▶ _DIRECTIONS FOR THIS TASK_
All entries below are to be copied precisely as they appear.

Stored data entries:
--- --- ---
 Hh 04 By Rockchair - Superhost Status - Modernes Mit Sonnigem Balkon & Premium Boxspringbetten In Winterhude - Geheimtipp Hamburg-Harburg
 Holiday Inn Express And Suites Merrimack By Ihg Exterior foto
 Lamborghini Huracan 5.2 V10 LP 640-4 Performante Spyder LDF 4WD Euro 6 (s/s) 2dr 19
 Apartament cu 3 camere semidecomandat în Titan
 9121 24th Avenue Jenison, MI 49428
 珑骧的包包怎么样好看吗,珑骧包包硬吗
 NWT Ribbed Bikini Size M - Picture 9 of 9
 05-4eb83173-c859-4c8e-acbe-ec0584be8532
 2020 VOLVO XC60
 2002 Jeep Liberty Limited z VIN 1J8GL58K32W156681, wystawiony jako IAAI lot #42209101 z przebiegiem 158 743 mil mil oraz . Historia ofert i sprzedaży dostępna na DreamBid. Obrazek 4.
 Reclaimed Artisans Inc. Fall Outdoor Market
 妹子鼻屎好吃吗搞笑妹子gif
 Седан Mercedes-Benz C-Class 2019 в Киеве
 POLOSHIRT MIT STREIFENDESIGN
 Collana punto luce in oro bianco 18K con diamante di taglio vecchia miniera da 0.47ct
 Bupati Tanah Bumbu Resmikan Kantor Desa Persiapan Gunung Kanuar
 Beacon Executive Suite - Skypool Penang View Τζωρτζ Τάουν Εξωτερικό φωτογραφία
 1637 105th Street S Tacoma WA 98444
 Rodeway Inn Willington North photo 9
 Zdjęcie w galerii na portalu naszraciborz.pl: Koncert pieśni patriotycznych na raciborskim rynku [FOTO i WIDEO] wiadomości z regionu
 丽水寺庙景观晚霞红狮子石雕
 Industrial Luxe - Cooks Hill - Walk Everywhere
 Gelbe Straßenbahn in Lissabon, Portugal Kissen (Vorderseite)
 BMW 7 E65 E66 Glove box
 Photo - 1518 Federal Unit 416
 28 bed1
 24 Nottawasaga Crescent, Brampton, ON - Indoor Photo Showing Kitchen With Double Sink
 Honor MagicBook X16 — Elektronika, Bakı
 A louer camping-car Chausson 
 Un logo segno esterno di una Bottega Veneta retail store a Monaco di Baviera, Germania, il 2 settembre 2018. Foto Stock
--- --- ---
▶ _EXPECTED ANSWER_
 Hh 04 By Rockchair - Superhost Status - Modernes Mit Sonnigem Balkon & Premium Boxspringbetten In Winterhude - Geheimtipp Hamburg-Harburg
 Holiday Inn Express And Suites Merrimack By Ihg Exterior foto
 Lamborghini Huracan 5.2 V10 LP 640-4 Performante Spyder LDF 4WD Euro 6 (s/s) 2dr 19
 Apartament cu 3 camere semidecomandat în Titan
 9121 24th Avenue Jenison, MI 49428
 珑骧的包包怎么样好看吗,珑骧包包硬吗
 NWT Ribbed Bikini Size M - Picture 9 of 9
 05-4eb83173-c859-4c8e-acbe-ec0584be8532
 2020 VOLVO XC60
 2002 Jeep Liberty Limited z VIN 1J8GL58K32W156681, wystawiony jako IAAI lot #42209101 z przebiegiem 158 743 mil mil oraz . Historia ofert i sprzedaży dostępna na DreamBid. Obrazek 4.
 Reclaimed Artisans Inc. Fall Outdoor Market
 妹子鼻屎好吃吗搞笑妹子gif
 Седан Mercedes-Benz C-Class 2019 в Киеве
 POLOSHIRT MIT STREIFENDESIGN
 Collana punto luce in oro bianco 18K con diamante di taglio vecchia miniera da 0.47ct
 Bupati Tanah Bumbu Resmikan Kantor Desa Persiapan Gunung Kanuar
 Beacon Executive Suite - Skypool Penang View Τζωρτζ Τάουν Εξωτερικό φωτογραφία
 1637 105th Street S Tacoma WA 98444
 Rodeway Inn Willington North photo 9
 Zdjęcie w galerii na portalu naszraciborz.pl: Koncert pieśni patriotycznych na raciborskim rynku [FOTO i WIDEO] wiadomości z regionu
 丽水寺庙景观晚霞红狮子石雕
 Industrial Luxe - Cooks Hill - Walk Everywhere
 Gelbe Straßenbahn in Lissabon, Portugal Kissen (Vorderseite)
 BMW 7 E65 E66 Glove box
 Photo - 1518 Federal Unit 416
 28 bed1
 24 Nottawasaga Crescent, Brampton, ON - Indoor Photo Showing Kitchen With Double Sink
 Honor MagicBook X16 — Elektronika, Bakı
 A louer camping-car Chausson 
 Un logo segno esterno di una Bottega Veneta retail store a Monaco di Baviera, Germania, il 2 settembre 2018. Foto Stock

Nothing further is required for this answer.